The first lesson to learn from Tempcover Limited´s example is thus: When relying upon a soft opt-in provide individuals with a simple means of refusing the use of their contact details for direct marketing at the time that the details are initially collected, and every time direct marketing material is sent.
When individuals do want to hear from you
Tempcover Limited was unable to base its marketing text messages and emails on consent. An individual’s mandatory agreement to terms and conditions and privacy policies when an individual asks for a quote over a website, cannot be taken to be valid consent. The ICO confirmed such consent was neither freely given, nor specific, and thus could not meet the definition of consent, which at the time was contained in Article 4 (11) of the Regulation 2016/679 (the GDPR). This definition has been taken over word for word in the UK GDPR, and thus still applies.
The second lesson to be learned is thus: Consent must be freely given, specific, informed and an unambiguous indication through a statement or a clear affirmative action. An individual must, through a positive action, such a ticking a box, clearly indicate that they wish to receive marketing emails and/or text messages from a specific company.
Conclusion: listen and respect their choices
Any company considering direct marketing in the UK should take heed of the fines the ICO has imposed, and only begin direct marketing once the requirements outlined above are met. An individual is given a choice to receive direct marketing or not. Upon an individual having exercised that choice companies need to respect it.
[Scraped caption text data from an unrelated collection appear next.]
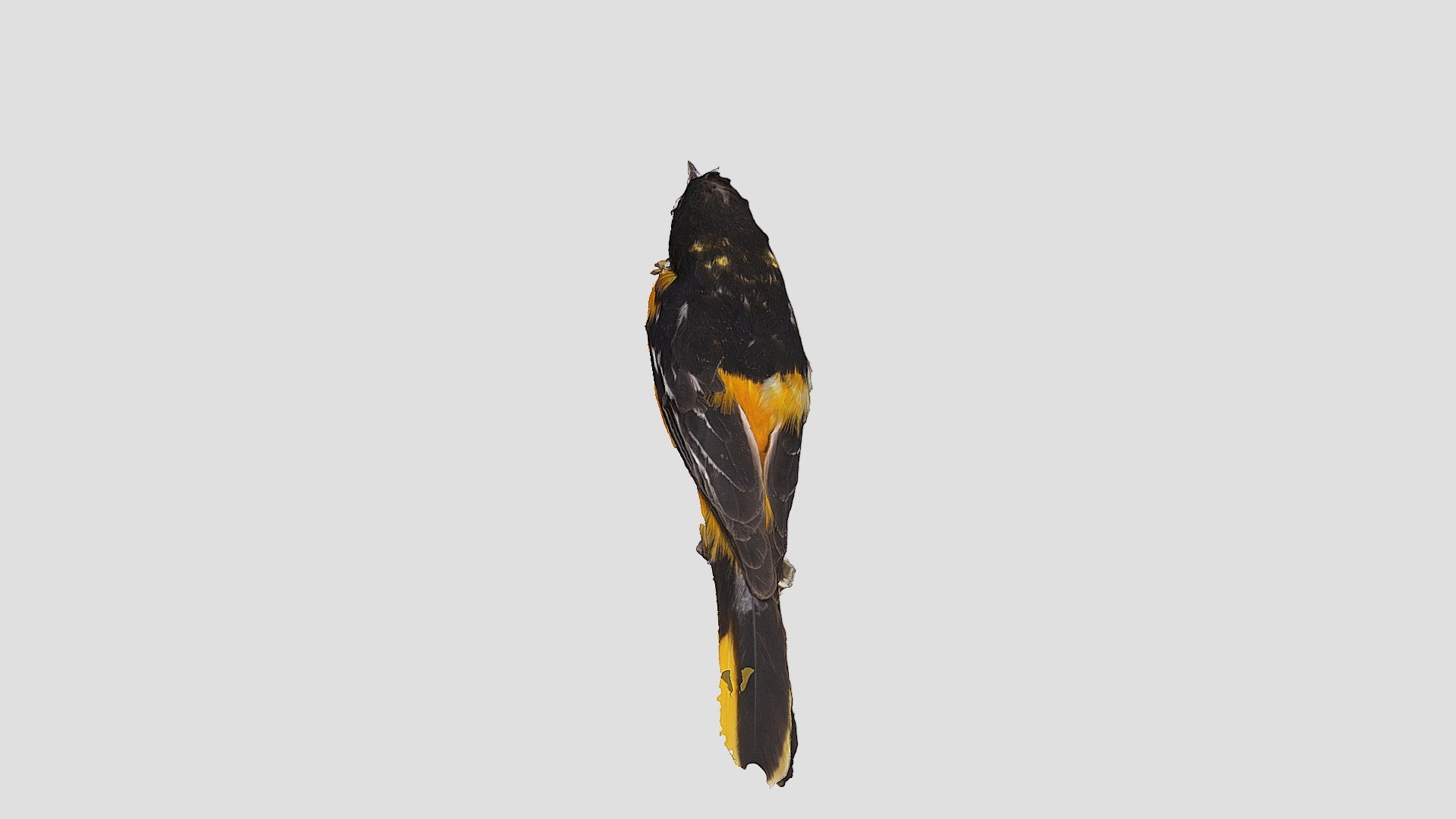 Baltimore Oriole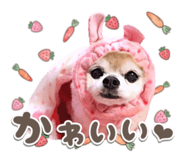842140802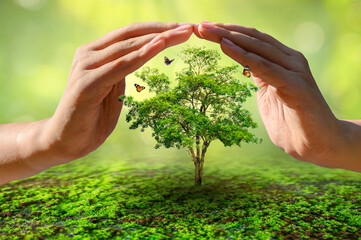 hands protecting trees world environment day concept - obrazy, fototapety, plakaty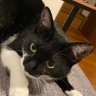 あらかな profil fotoğrafı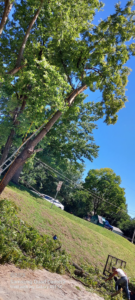 A tree being trimmed with a ladder leaning against it and cut branches on the ground by Aboriginal Arborists llc in Des Moines, IA.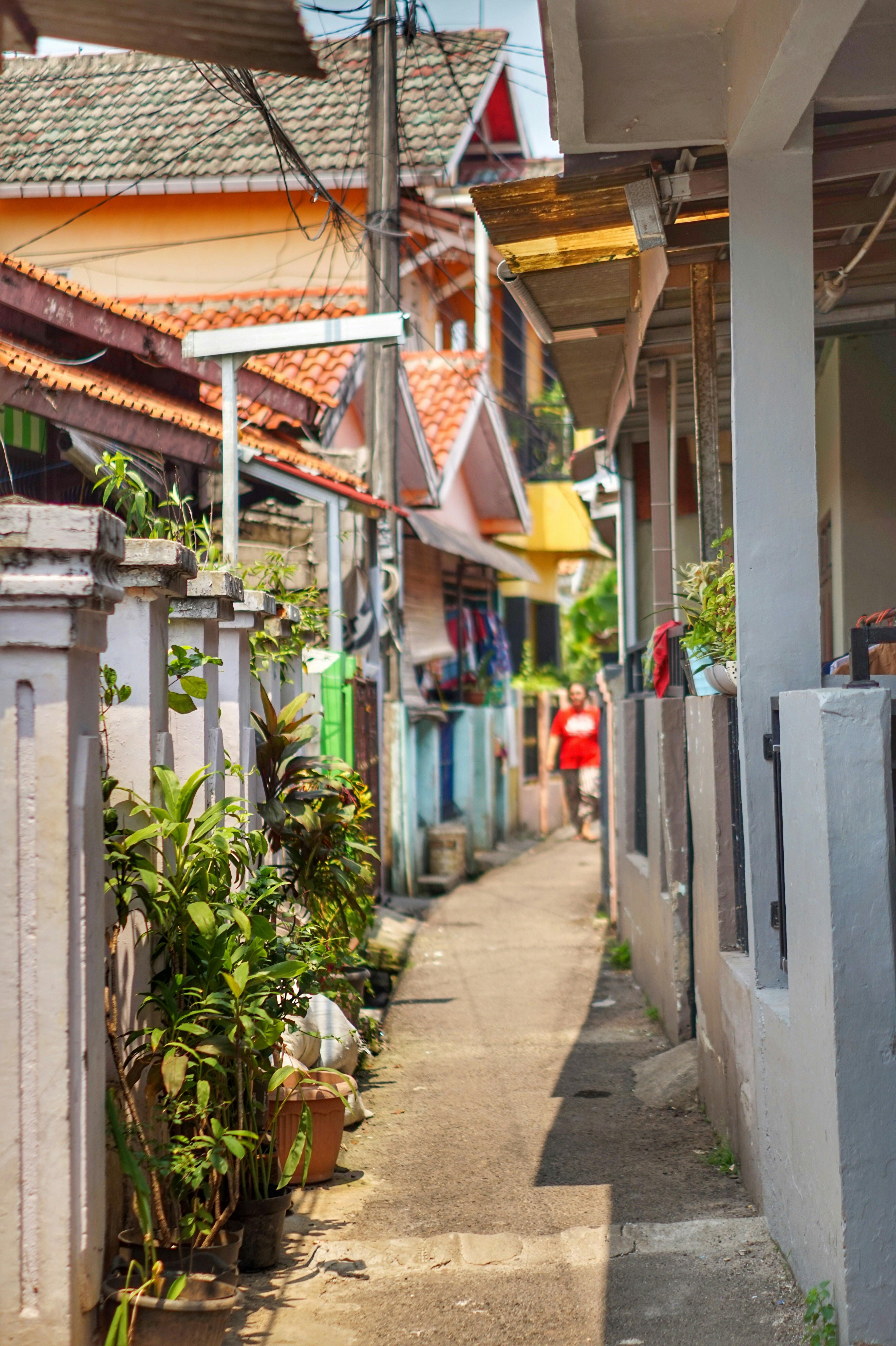 Photo by andri_longe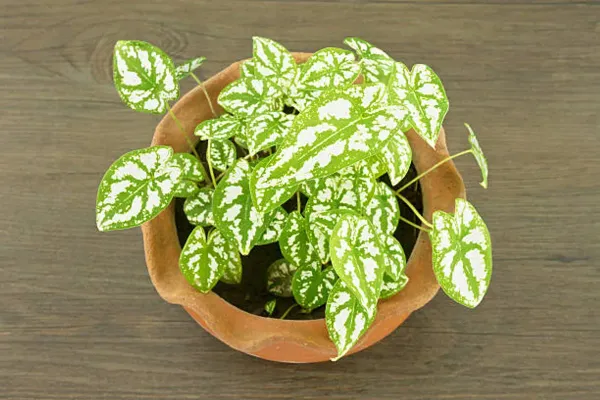 Caladium_Humboldtii_Plant_For_Home_Garden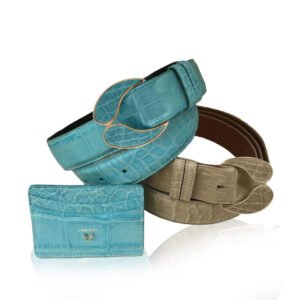 2-Belt-and-Credit-Accessories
An important part of that is ensuring the proper internal processes are in place to avoid accidentally sending direct marketing messages.
No direct marketing may be sent to individuals who have clearly not given consent, unless an exception such as the soft opt-in applies. Having used an exception to send direct marketing material an individual’s clear wish to not receive any further material must also be respected. Any breach of the requirements may be met by fines by the ICO and reputational damage to the company.